Although "fiduciary" is not a word used in everyday conversation, it's a term every investor would do well to learn. "Fiduciary" principles — derived from the Latin word for "trust" — have become a mainstay of modern law and society.
Having debuted in written law during the time of the Romans and gained prominence in English common law, today fiduciary principles are called upon to govern relationships of trust spanning many sectors, including retirement plans and health care, charities, family relationships and guardianships, corporations and employment, bankruptcy and trusts, and the list goes on.
A fiduciary relationship requires the utmost allegiance — what Supreme Court Justice Benjamin Cardozo famously described as "the punctilio of an honor the most sensitive."
On June 29, the Department of Labor issued a proposal to strengthen and harmonize requirements for fiduciaries that provide investment advice to participants in employer-sponsored retirement plans and individual retirement accounts (IRAs).
In its proposed Improving Investment Advice for Workers & Retirees Exemption, the department furthers the Trump administration's commitment to putting workers first by strengthening participant protections while preserving investment advice options in privately sponsored retirement plans. This effort will help empower Americans to make independent and informed financial decisions, save for retirement and build individual wealth.

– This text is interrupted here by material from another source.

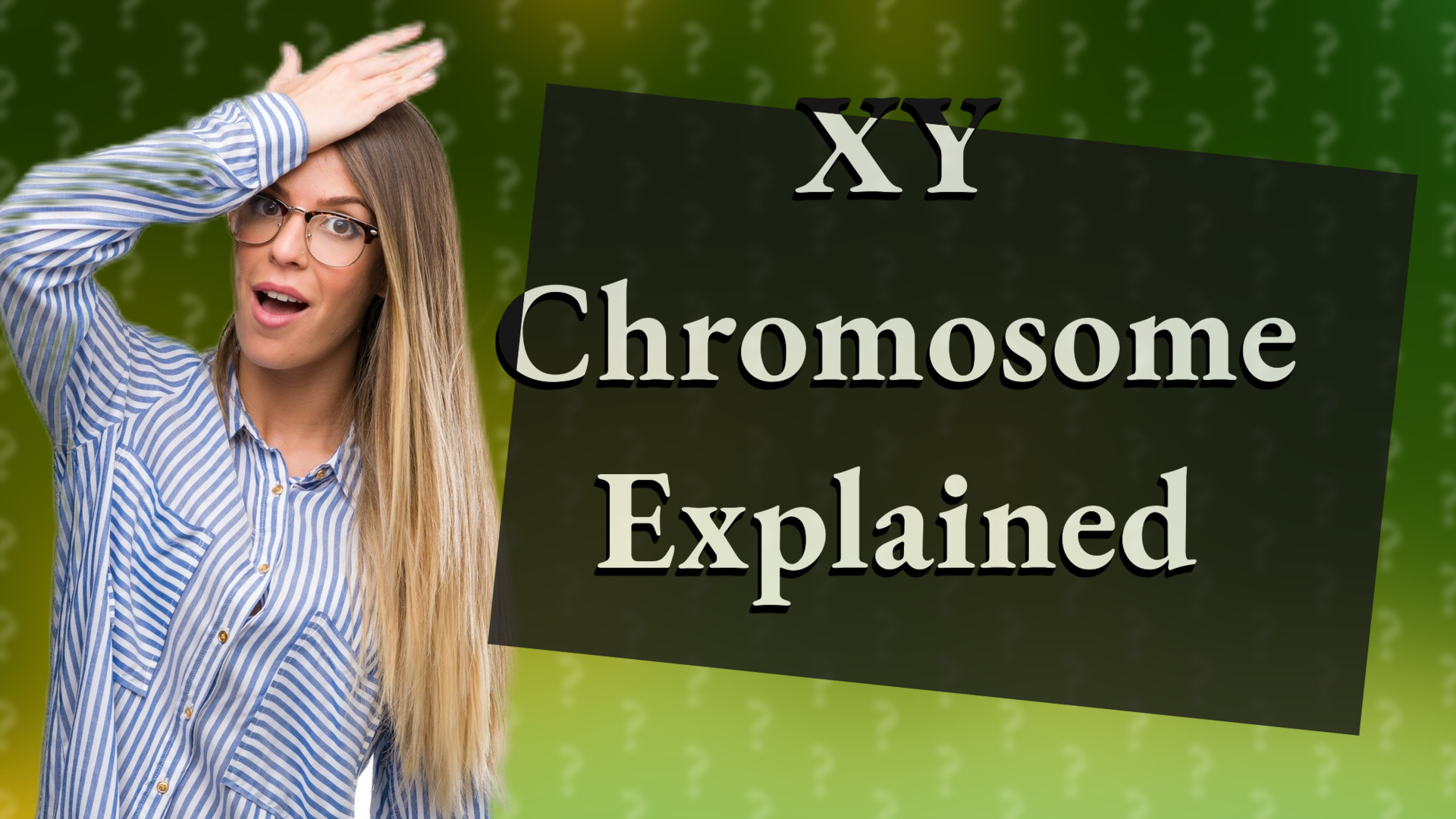 XY Chromosome Explained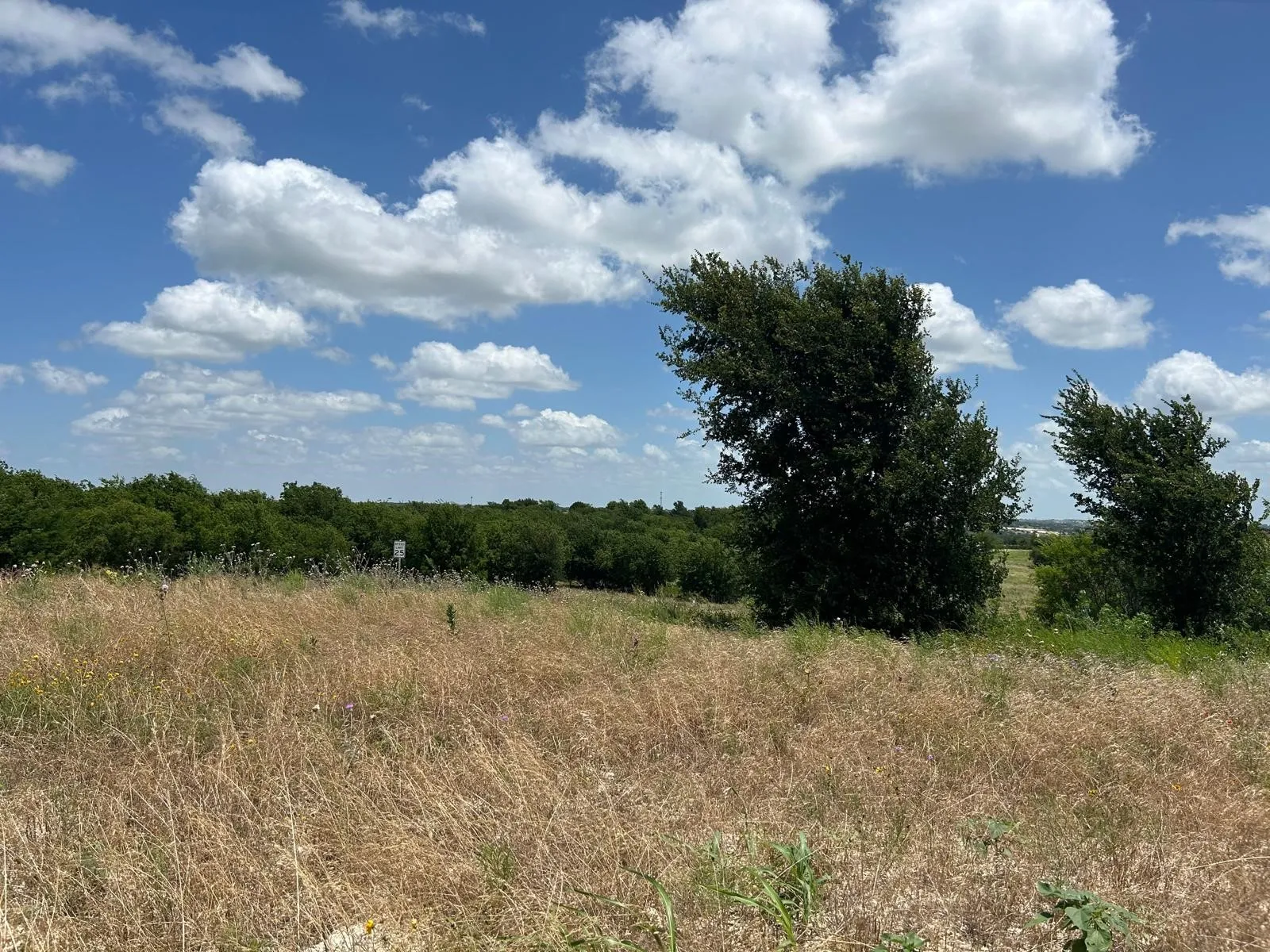 For Sale in Hood County , 2517 Tom Chaney Drive 103, Cresson, Texas 76035, 0, 0, Garage spaces, 0 Sqft, built in 0, Price $190,792, mls#21145991, Real Estate Agent in Cresson, Homes For Sale in Hood county, Homes For Sale in Cresson, Realtor in Cresson Texas, Real Estate Brokerage Independent Realty Texas, Luminita Cordes Realtor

The department's proposal, which authorizes a wide variety of beneficial advice relationships while protecting retirement investors from abuse, is necessary in light of the many changes to the retirement market in recent decades, including changes to the ways retirement savers access investment advice. In the last half-century, we have seen a significant shift in the retirement landscape as workers now have more control of and responsibility for their retirement savings.
In 1981, about 64% of all pension plan participants had a "traditional" defined benefit pension. By 2017, this number was only 25%. Instead, defined contribution plans such as 401(k)s have grown in popularity, and in 2019, retirement savers had a total of $7.4 trillion invested in these plans.